I woke up to the sound of my Nokia mobile phone alarm and made my way to the bathroom. I showered with Radox shower gel, and shaved with a Gillette razor and King of Shaves shaving gel. Once back in my bedroom I took out a bespoke suit and Charles Tyrwhitt shirt and tie combination. The Paul Smith cuff links complete the outfit and with a splash of Vera Wang for Men I am ready to face the day.

After enjoying a breakfast of Kellog’s Crunchy Nut Cornflakes and a glass of Innocents Strawberry and Banana smoothy, I made my way to my BMW 3 series Coupe and drove to work listening to the latest release from the Kooks.

Are any of you still reading this drivel*?

I am fucking boring myself writing this shite, and it’s my life, so god knows if any of you lot have got this far. I know you don’t come here to see which products I use, and which mobile phone is endorsed by Mr Angry. You could care less. So could I frankly. You come here for entertainment (rare though it is), and I was the same when I went to watch Casino Royale recently.

I have never seen so much product placement in one film. I almost expected to see James Bond turn to the camera when paying for a hotel and say, “American Express, I never leave Blighty without it”.

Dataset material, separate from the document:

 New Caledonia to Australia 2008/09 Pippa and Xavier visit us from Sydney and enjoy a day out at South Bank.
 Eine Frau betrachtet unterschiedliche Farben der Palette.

Apparently product placement in films is big business nowadays. Daniel Craig was quoted in one interview saying the film couldn’t have been what it was without the product placement, as it paid for so many of the effects. Surely film makers should be more open about this advertising? We all know how much Tom Cruise is paid per movie, well I want to know how much Siemens paid for their phones to used in Casino Royale. I didn’t pay eight quid to watch an advert. I paid my money to watch Bond shag birds and fight with terrorists and use cool one-liners and drive fast cars and escape explosions.

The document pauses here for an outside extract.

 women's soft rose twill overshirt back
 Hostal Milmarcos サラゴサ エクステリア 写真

I did not pay to see Bond in an airport hire car. James Bond does not drive a Ford Focus, I do not care if the script writers carefully bundled in a hire-car scenario to please the sponsors. It adds nothing to the story. Where does it end? In the next instalment perhaps he will stop off for a Subway Sub of the Day on his way to prevent the detonation of a nuclear weapon? Maybe he will pop into Tesco for his weekly shop before his all important debrief with M? “Every little helps, Moneypenny”, or perhaps he will get on the phone to Direct Line after blowing up his next car? “Hi, yes, you know how you quoted me happy?…”

When this film eventually makes it to terrestrial television (Christmas Day 2009 is my guess), will Aunty Beeb cut all of the product placement scenes? I know it is frowned upon within the confines of Television Centre, so I would expect them to uphold those standards which they harp on about so often. They will, won’t they?

* Of course, anyone from Nokia, Radox, Gillette, Charles Tyrwhitt, Paul Smith, Kellogs, Innocent, Vera Wang or BMW who wants to send me free samples or cash, go right ahead.